Saved data entries
- Opening Delimiter -
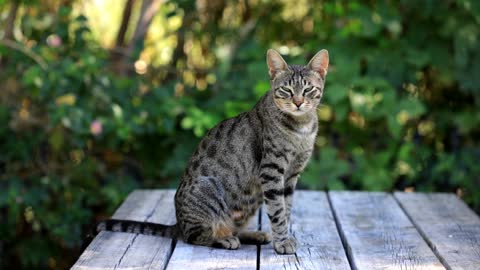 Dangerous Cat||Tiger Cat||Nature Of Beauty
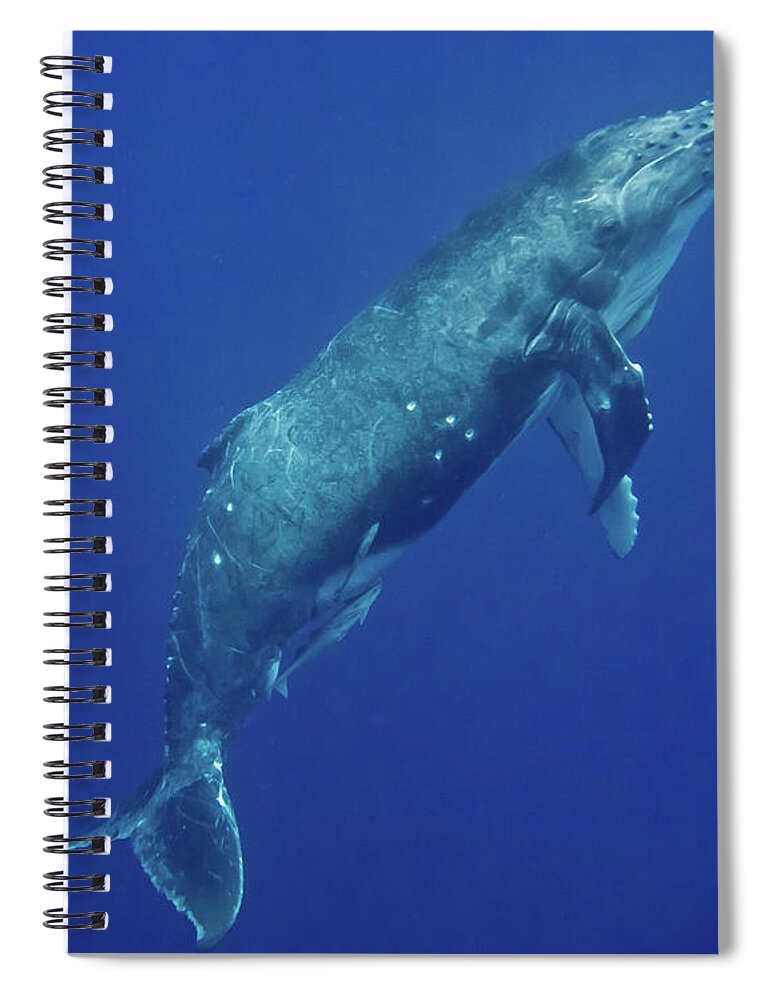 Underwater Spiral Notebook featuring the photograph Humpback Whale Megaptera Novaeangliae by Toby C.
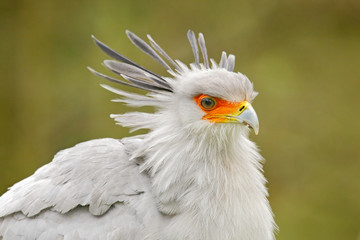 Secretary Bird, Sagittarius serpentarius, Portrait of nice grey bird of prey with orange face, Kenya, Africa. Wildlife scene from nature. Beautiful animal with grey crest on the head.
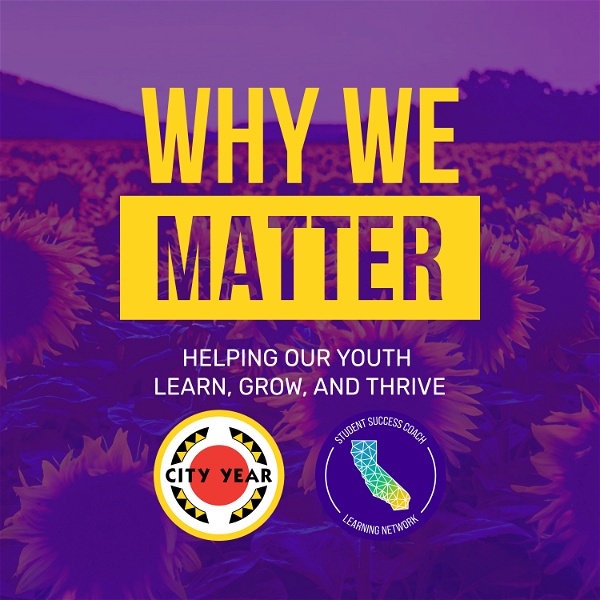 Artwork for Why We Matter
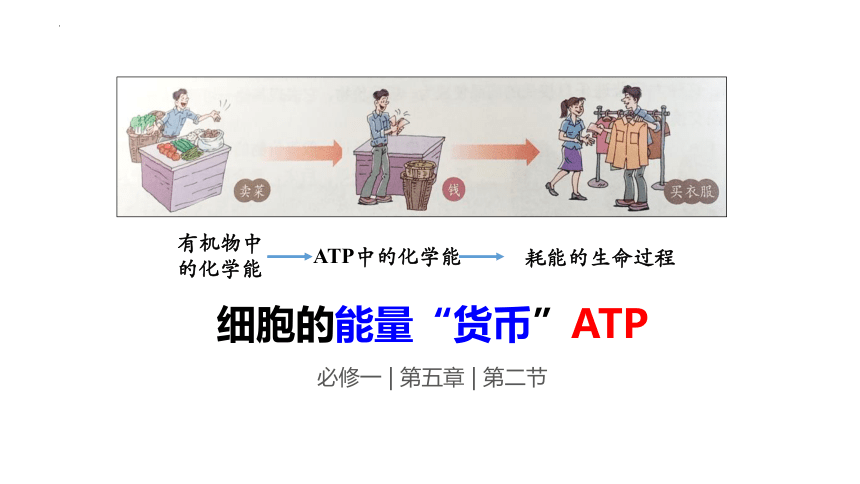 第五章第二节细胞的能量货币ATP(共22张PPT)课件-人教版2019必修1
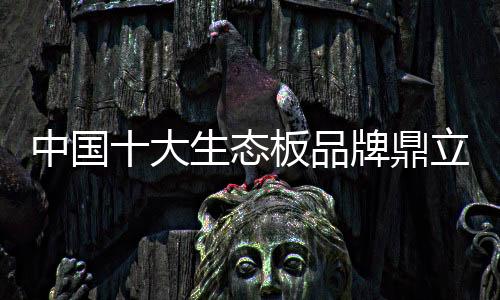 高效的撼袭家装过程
- Closing Delimiter -
[Activity]
Find the line containing "Artwork for Why We Matter" in the records above and restate it, and each line after it through the end, word for word, dropping the pictures.

[Exercise answer]
 Artwork for Why We Matter
 第五章第二节细胞的能量货币ATP(共22张PPT)课件-人教版2019必修1
 高效的撼袭家装过程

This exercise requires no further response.